Anyway, I looked up recipes for a deconstructed tiramisu thinking that I could at least save a step or two, but realized that A. only one other person thinks tiramisu should come deconstructed and B. it would take almost as long. I needed a plan B.
That plan B became this pretty simple, semi-homemade sundae. It was rich and had all of the tastes of a tiramisu and as a bonus, the ice cream was great on a summer night.
Tiramisu Sundae My hot fudge slipped off a little, but it was still yummy. |
It is a slice of pound cake, topped with a scoop of coffee ice cream with a spoonful or two of mascaropne whipped cream on top, finished with a drizzle of mocha hot chocolate.

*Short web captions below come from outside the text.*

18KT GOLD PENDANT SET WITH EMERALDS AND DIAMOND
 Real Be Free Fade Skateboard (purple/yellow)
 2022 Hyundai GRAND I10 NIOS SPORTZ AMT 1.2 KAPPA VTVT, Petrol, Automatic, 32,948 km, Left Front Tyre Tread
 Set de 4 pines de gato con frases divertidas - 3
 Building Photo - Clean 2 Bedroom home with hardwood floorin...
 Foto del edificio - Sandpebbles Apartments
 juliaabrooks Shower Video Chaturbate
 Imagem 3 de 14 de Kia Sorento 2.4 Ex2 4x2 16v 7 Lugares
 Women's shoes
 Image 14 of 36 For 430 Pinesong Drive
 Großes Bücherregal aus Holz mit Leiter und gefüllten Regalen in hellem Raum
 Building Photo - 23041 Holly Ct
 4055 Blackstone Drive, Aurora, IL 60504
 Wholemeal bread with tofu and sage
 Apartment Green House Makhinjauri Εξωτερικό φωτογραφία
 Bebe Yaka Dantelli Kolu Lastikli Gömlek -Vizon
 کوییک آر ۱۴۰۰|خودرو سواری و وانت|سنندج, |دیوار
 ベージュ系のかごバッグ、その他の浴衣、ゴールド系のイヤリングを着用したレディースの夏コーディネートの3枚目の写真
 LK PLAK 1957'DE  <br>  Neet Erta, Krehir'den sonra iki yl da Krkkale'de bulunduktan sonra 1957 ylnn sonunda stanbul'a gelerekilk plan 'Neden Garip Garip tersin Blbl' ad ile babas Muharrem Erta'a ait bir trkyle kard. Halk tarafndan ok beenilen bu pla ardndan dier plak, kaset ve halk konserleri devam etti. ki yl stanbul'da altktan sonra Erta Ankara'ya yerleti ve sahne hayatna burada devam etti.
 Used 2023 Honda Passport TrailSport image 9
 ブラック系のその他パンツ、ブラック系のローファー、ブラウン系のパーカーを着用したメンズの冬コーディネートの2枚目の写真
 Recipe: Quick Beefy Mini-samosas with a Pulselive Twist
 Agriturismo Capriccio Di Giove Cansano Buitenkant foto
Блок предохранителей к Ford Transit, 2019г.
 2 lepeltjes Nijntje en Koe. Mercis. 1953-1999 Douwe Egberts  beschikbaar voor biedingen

I will be making it again. And even when I don't, I will be making the whipped cream. And, I may be eating the whipped cream by the spoonful. Please do not judge. It's really good!
Recipe:
Ingredients:
Pound Cake (I used Enteman's for the sake of time, but you could make your own.)
Coffee Ice Cream
1 pint Heavy Whipping Cream
4 table spoons Confectioner's Sugar
8 oz Mascarpone Cheese
6 oz Hot Fudge
2 oz Strong Coffee or Espresso
Whipped Topping:
In a cold metal bowl, use a cold whisk to whip your whipped cream.
Once peaks form, add 2-4 tbl spoons of confectioner's sugar to get to your desired sweetness. I prefer all 4.
Last, add the mascarpone cheese and whip again for 1-3 minutes or until fully incorporated.
Keep Refrigerated.
For best results, keep in cold metal bowl. Although the cheese should stabilize the cream, it will help it stay cold.
Mocha Hot Fudge:
Warm hot fudge for about 15 seconds in the microwave. You are not getting is hot, just softening it a little.
Slowly add coffee or espresso to taste. You have the coffee ice cream, so you do not need it to be strong, you just want to get a hint of it.
Once fully mixed to your taste, you can keep refrigerated and then warm when ready for use.
When ready, layer your sundae and enjoy!